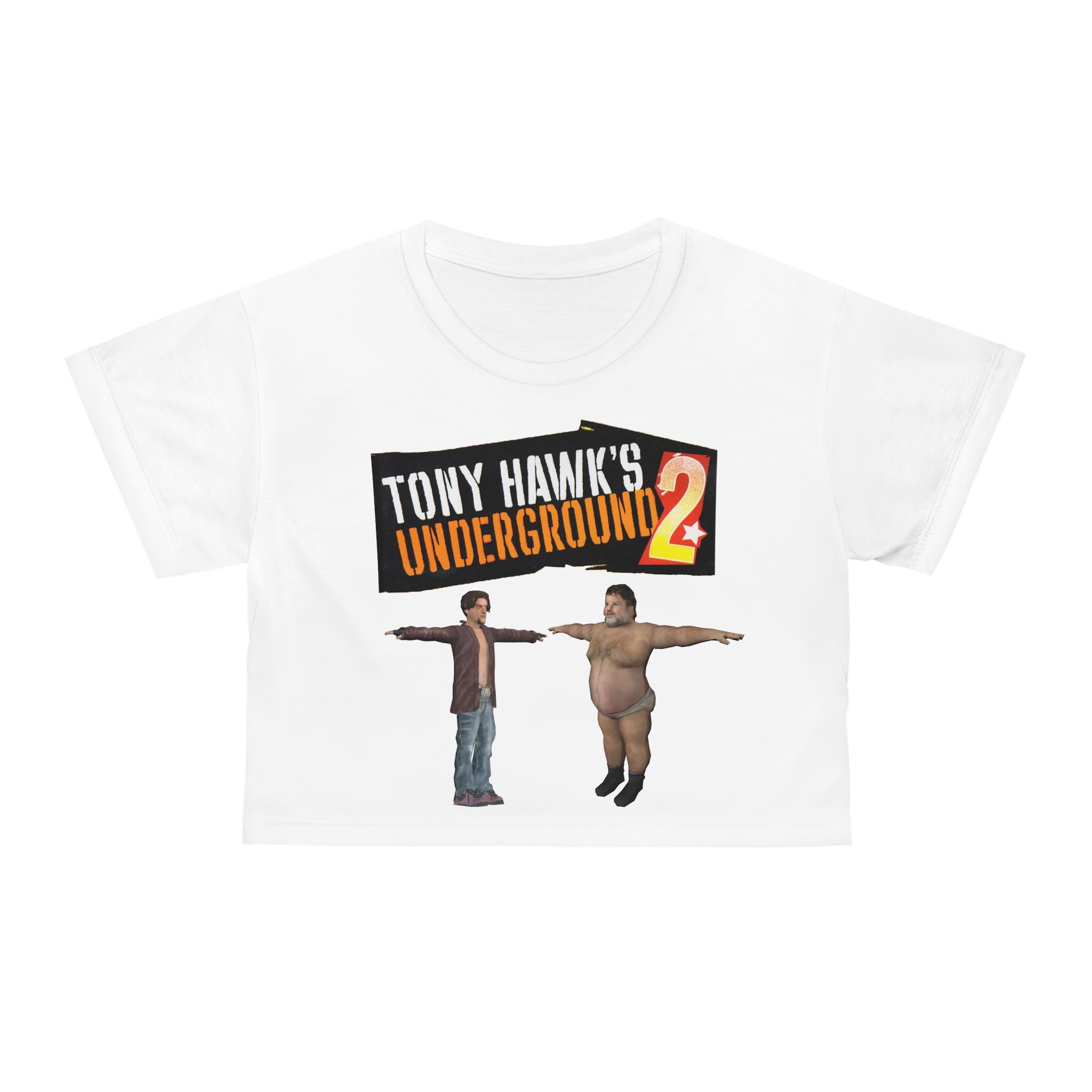 independent TONYHAWK メンズ　スケートTシャツ Mサイズ 楽天市場】トニー ホーク Tony Hawk（メンズファッション）の通販
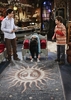 Magicienii din Waverly Place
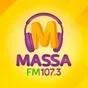 Massa FM Nova Aurora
***
§ **Assigned task**
Since the pictures are not wanted, give the material again exactly without them.

§ **Output**
 independent TONYHAWK メンズ　スケートTシャツ Mサイズ 楽天市場】トニー ホーク Tony Hawk（メンズファッション）の通販
 Magicienii din Waverly Place
 Massa FM Nova Aurora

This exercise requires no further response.